== WHAT TO WORK ON ==
Reproduce the whole listing exactly and let no picture into the copy.

== SOURCE MATERIAL ==

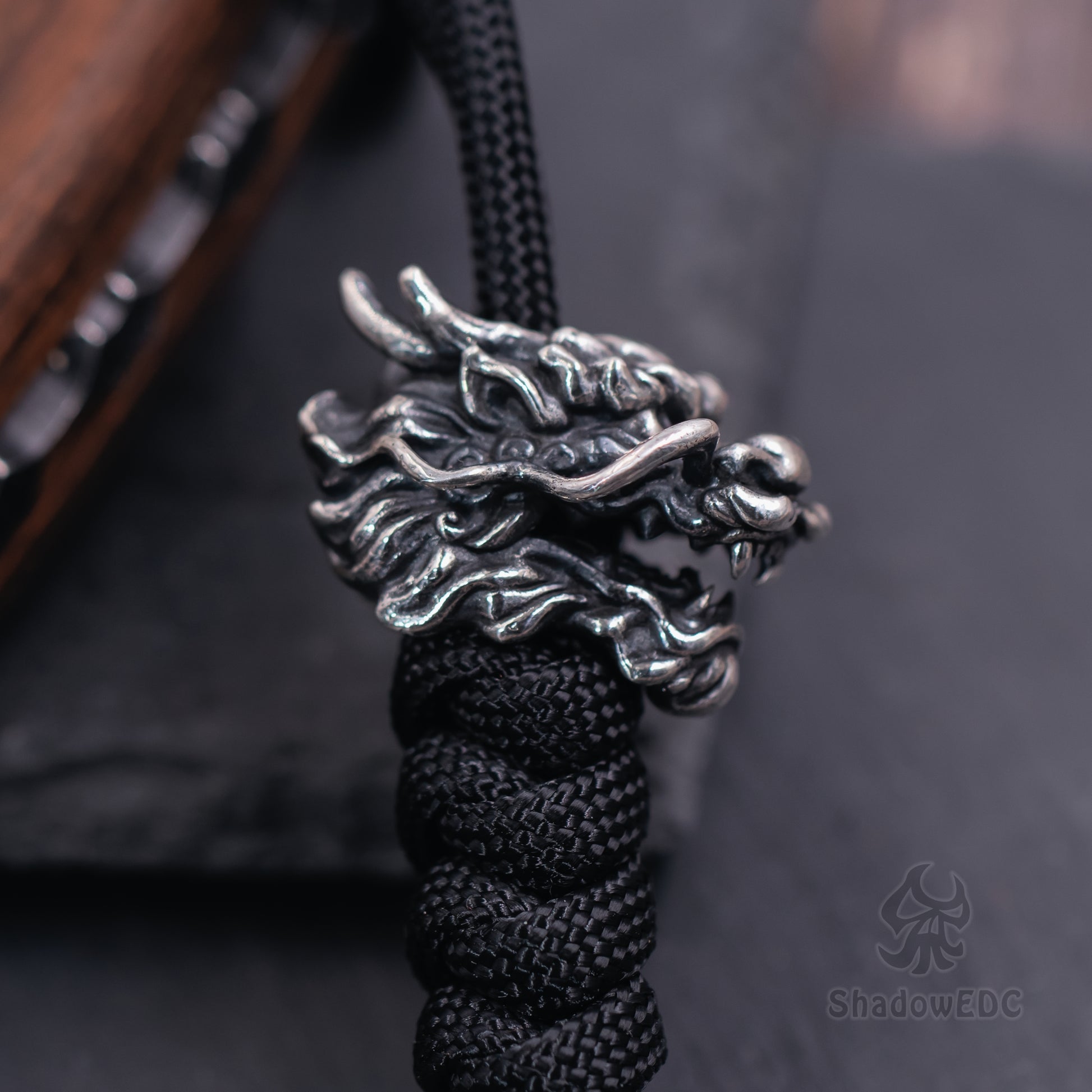 Chinese Dragon Paracord Bead for Knife, lanyard Pendants，custom beads，550 Paracord， Bracelet beads, and EDC Gears, ShadowEDC DIY Outdoor Survival Tool Accessories 
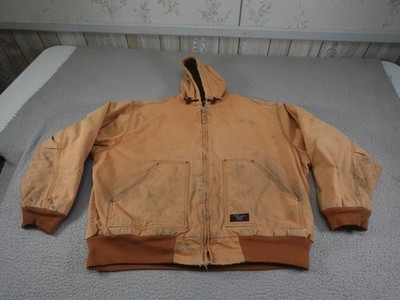 Walls Jacket Mens XL Brown Duck Canvas Sherpa Lined Workwear Carhartt Style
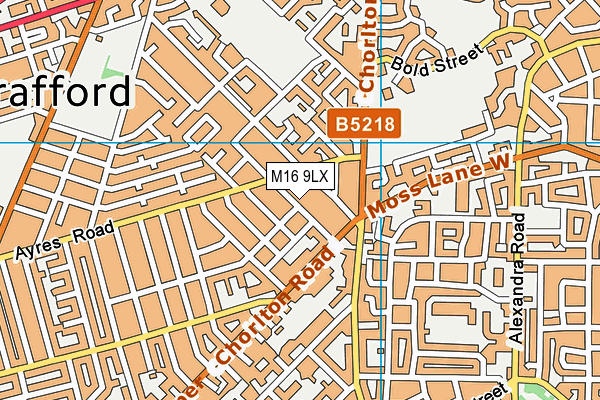 M16 9LX map - OS VectorMap District (Ordnance Survey)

== TASK RESPONSE ==
 Chinese Dragon Paracord Bead for Knife, lanyard Pendants，custom beads，550 Paracord， Bracelet beads, and EDC Gears, ShadowEDC DIY Outdoor Survival Tool Accessories 
 Walls Jacket Mens XL Brown Duck Canvas Sherpa Lined Workwear Carhartt Style
 M16 9LX map - OS VectorMap District (Ordnance Survey)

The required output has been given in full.